(Dataset records)
--- --- ---

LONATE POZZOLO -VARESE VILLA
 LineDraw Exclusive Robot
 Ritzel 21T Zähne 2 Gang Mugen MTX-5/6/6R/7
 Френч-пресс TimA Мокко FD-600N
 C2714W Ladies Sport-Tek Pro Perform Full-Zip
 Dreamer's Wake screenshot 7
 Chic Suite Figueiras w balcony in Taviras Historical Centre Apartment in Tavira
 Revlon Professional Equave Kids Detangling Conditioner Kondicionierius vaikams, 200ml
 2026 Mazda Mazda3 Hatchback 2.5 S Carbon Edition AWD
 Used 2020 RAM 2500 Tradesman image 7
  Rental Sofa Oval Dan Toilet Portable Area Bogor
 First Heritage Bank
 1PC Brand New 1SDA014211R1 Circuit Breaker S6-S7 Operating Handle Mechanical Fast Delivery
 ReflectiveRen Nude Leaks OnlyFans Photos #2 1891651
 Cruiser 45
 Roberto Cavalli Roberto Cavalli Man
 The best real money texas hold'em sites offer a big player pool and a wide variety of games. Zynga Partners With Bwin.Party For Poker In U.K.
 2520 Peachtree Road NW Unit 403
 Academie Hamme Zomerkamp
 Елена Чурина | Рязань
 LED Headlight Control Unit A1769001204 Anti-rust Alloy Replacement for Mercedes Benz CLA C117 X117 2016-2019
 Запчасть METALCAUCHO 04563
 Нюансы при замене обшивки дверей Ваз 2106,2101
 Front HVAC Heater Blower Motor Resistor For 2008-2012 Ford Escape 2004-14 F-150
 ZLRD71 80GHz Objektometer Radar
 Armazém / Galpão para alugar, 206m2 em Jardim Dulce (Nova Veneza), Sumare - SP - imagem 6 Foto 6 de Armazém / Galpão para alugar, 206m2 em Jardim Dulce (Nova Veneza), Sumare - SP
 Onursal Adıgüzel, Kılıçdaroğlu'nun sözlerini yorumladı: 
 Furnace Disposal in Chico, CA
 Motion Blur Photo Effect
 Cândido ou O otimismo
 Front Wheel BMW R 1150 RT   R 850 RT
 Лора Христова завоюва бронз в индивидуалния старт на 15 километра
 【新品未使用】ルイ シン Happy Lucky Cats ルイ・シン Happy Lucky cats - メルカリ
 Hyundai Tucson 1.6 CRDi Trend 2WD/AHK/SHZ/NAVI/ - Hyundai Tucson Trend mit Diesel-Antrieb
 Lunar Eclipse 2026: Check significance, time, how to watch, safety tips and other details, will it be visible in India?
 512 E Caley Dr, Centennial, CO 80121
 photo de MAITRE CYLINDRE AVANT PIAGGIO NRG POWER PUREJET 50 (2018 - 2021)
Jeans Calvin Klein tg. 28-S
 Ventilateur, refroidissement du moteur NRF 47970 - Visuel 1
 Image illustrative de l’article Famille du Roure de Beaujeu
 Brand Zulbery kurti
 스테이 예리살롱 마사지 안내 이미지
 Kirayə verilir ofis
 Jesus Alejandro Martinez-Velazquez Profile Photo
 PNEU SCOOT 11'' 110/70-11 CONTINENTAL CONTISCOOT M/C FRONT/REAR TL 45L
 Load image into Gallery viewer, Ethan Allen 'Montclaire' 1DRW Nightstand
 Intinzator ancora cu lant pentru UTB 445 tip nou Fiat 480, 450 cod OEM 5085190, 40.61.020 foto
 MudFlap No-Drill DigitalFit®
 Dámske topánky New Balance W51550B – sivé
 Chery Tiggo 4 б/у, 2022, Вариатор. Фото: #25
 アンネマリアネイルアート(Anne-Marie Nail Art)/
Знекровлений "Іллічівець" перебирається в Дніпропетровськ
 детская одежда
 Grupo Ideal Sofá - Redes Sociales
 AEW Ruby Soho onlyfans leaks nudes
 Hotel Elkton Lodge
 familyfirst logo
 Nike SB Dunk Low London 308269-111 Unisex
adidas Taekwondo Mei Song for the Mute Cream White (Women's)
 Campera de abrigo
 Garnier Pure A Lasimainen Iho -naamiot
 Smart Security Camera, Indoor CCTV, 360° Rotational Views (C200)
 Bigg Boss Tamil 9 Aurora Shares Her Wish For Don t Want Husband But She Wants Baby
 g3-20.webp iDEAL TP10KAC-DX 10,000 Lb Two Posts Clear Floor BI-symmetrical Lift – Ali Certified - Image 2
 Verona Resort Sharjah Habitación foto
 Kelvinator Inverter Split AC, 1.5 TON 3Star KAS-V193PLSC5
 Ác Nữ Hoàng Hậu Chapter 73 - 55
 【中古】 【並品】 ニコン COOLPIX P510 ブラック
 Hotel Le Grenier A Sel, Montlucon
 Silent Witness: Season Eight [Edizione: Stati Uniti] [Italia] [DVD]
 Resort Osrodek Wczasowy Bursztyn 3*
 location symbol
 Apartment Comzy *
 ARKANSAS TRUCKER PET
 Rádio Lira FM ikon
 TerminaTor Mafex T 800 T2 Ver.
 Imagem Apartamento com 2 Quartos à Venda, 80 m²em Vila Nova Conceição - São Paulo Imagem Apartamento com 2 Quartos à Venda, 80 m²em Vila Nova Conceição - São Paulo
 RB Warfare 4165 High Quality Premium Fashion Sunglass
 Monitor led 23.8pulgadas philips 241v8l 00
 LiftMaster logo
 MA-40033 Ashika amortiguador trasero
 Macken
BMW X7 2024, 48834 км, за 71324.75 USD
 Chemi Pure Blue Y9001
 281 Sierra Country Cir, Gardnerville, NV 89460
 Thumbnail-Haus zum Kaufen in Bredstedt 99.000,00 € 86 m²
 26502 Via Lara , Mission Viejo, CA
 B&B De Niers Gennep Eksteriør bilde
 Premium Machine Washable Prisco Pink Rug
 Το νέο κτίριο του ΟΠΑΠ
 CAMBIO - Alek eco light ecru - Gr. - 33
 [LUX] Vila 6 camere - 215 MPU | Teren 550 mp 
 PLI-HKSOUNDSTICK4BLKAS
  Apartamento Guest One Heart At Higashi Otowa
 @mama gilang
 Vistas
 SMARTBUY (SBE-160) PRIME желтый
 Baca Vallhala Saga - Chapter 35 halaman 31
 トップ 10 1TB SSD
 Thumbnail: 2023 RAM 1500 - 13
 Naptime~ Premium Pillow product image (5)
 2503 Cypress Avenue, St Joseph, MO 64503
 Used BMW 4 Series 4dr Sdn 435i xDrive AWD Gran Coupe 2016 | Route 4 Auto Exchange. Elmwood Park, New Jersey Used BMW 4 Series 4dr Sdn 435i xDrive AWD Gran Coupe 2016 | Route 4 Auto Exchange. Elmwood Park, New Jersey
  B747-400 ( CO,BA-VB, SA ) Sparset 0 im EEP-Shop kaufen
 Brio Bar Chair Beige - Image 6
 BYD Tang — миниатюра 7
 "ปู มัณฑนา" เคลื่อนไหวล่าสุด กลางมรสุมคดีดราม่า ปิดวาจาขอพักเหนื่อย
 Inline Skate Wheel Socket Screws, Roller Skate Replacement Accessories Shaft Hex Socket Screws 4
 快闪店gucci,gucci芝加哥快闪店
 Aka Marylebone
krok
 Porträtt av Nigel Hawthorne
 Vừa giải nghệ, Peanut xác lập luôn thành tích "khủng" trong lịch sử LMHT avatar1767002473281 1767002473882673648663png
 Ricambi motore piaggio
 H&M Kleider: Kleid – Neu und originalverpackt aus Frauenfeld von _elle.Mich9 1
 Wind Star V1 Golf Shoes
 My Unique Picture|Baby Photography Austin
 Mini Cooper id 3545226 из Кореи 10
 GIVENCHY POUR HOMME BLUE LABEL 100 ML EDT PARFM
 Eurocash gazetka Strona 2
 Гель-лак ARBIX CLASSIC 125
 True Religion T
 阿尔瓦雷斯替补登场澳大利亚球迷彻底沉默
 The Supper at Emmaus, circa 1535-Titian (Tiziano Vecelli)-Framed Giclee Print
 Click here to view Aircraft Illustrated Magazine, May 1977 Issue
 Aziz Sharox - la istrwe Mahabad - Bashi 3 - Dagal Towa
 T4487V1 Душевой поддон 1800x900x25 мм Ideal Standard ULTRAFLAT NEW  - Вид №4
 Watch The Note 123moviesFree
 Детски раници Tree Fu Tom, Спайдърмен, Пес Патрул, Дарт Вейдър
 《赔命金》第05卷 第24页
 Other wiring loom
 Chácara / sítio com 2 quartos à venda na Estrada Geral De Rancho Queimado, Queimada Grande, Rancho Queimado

--- --- ---

▶ [TASK TO COMPLETE]:
Reply with nothing but the number of lines in the entries that include "Wheel".

▶ [ANSWER BELOW]:
2